> Records for processing
··········

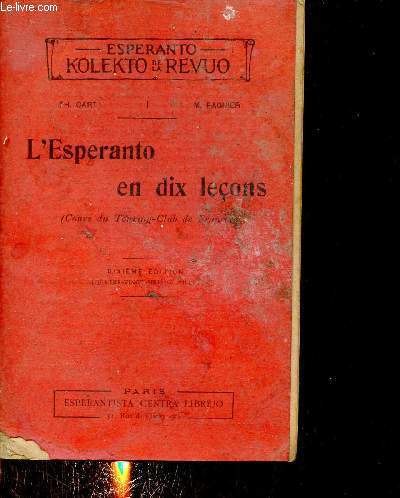 L'Esperanto en dix leons (Cours du Touring-CLub de France) - 10e dition.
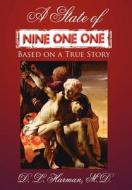 A State of Nine One One di D. L. Harman M. D. edito da AuthorHouse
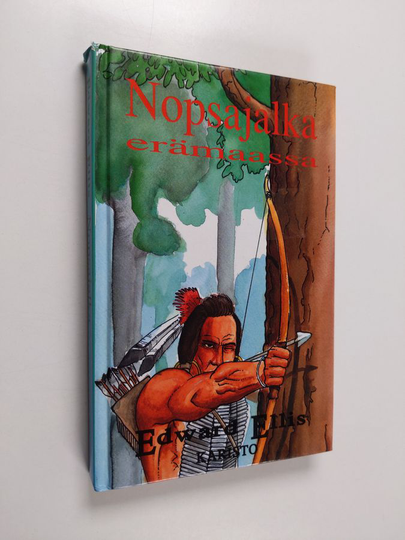 Edward S. Ellis : Nopsajalka erämaassa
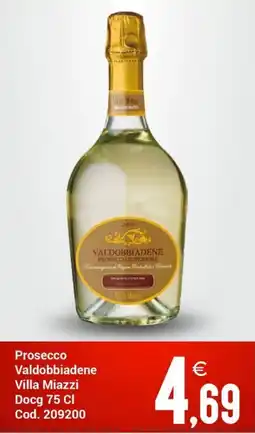 Centro Cash Prosecco Valdobbiadene Villa Miazzi offerta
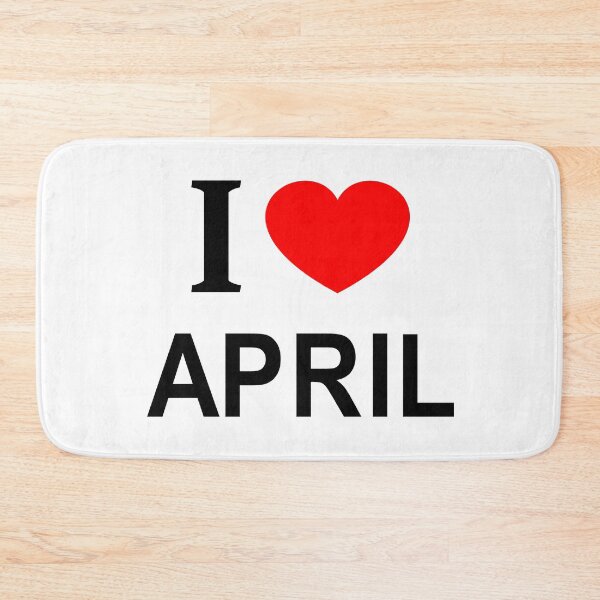 Artikelvorschau, I ❤️ APRIL ICH LIEBE APRIL ICH HERZ APRIL entworfen und verkauft von usernamenaijan.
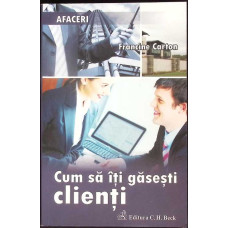 CUM SA ITI GASESTI CLIENTI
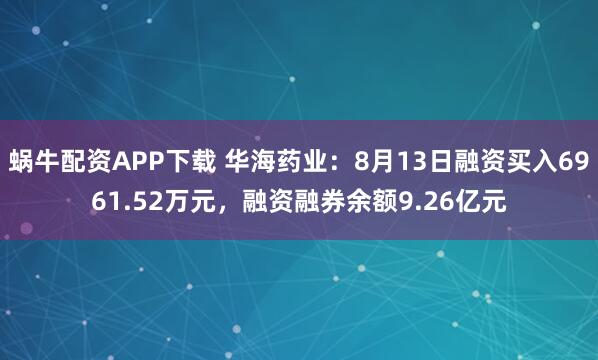蜗牛配资APP下载 华海药业：8月13日融资买入6961.52万元，融资融券余额9.26亿元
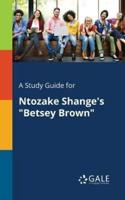 A Study Guide for Ntozake Shange's "Betsey Brown"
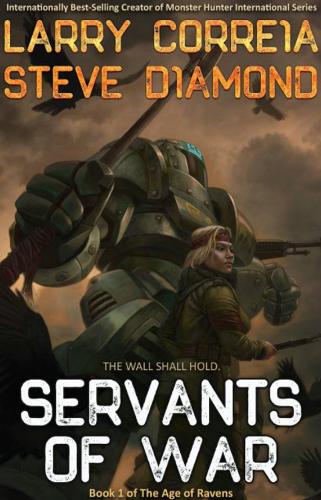 Servants of War Volume 1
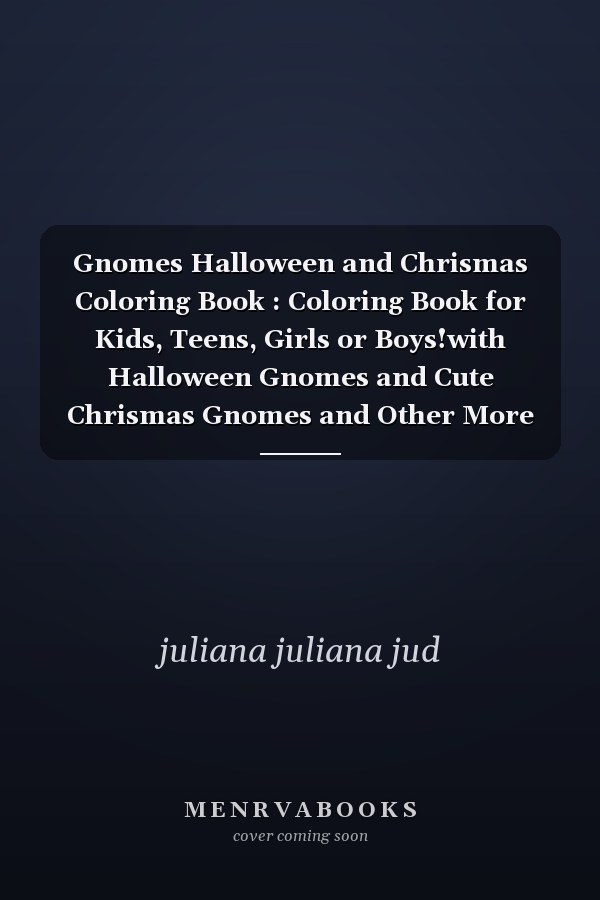 Gnomes Halloween and Chrismas Coloring Book : Coloring Book for Kids, Teens, Girls or Boys!with Halloween Gnomes and Cute Chrismas Gnomes and Other More Illustrations,connect the Gnomes Dot Tot Dot,gift for Holiday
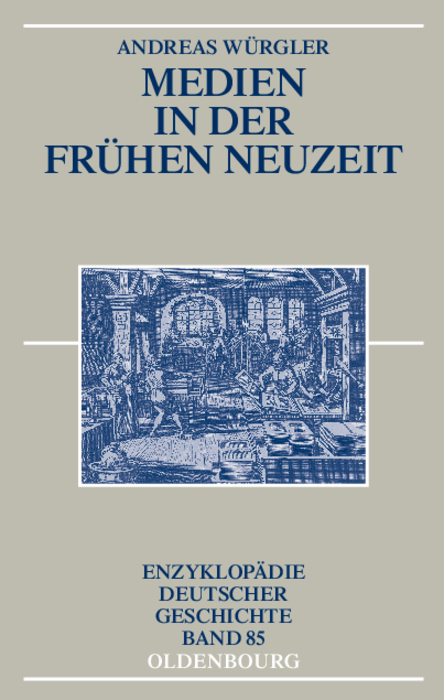 Medien in der Fr&uuml;hen Neuzeit - Andreas W&uuml;rgler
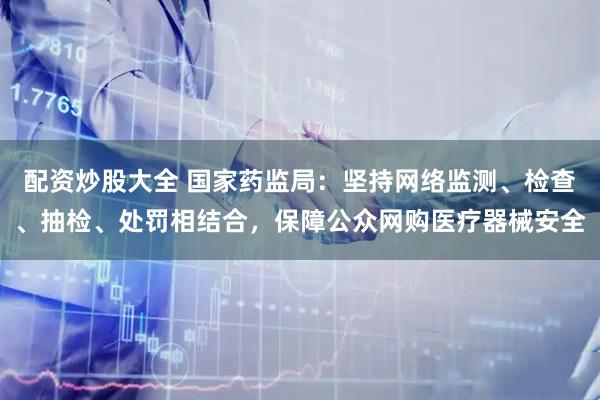 配资炒股大全 国家药监局：坚持网络监测、检查、抽检、处罚相结合，保障公众网购医疗器械安全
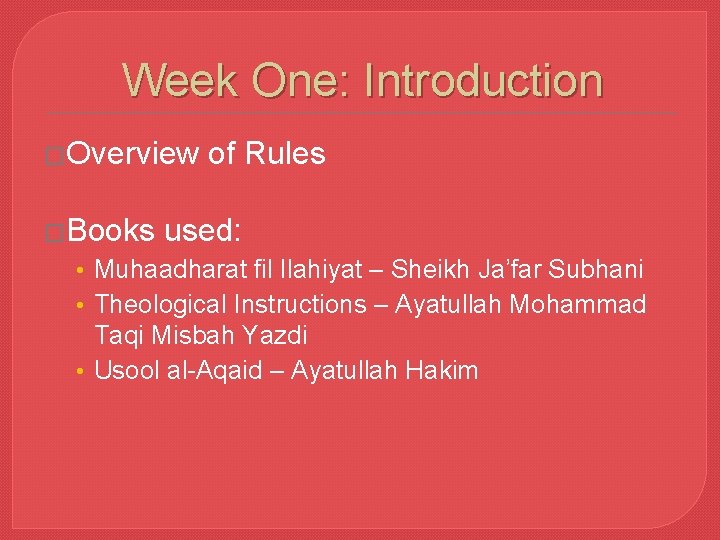 Week One: Introduction �Overview �Books of Rules used: • Muhaadharat fil Ilahiyat – Sheikh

··········

> What is required
Retype the entire listing exactly as it appears, dropping only the pictures.

> Solution below
 L'Esperanto en dix leons (Cours du Touring-CLub de France) - 10e dition.
 A State of Nine One One di D. L. Harman M. D. edito da AuthorHouse
 Edward S. Ellis : Nopsajalka erämaassa
 Centro Cash Prosecco Valdobbiadene Villa Miazzi offerta
 Artikelvorschau, I ❤️ APRIL ICH LIEBE APRIL ICH HERZ APRIL entworfen und verkauft von usernamenaijan.
 CUM SA ITI GASESTI CLIENTI
蜗牛配资APP下载 华海药业：8月13日融资买入6961.52万元，融资融券余额9.26亿元
 A Study Guide for Ntozake Shange's "Betsey Brown"
 Servants of War Volume 1
 Gnomes Halloween and Chrismas Coloring Book : Coloring Book for Kids, Teens, Girls or Boys!with Halloween Gnomes and Cute Chrismas Gnomes and Other More Illustrations,connect the Gnomes Dot Tot Dot,gift for Holiday
 Medien in der Fr&uuml;hen Neuzeit - Andreas W&uuml;rgler
 配资炒股大全 国家药监局：坚持网络监测、检查、抽检、处罚相结合，保障公众网购医疗器械安全
 Week One: Introduction �Overview �Books of Rules used: • Muhaadharat fil Ilahiyat – Sheikh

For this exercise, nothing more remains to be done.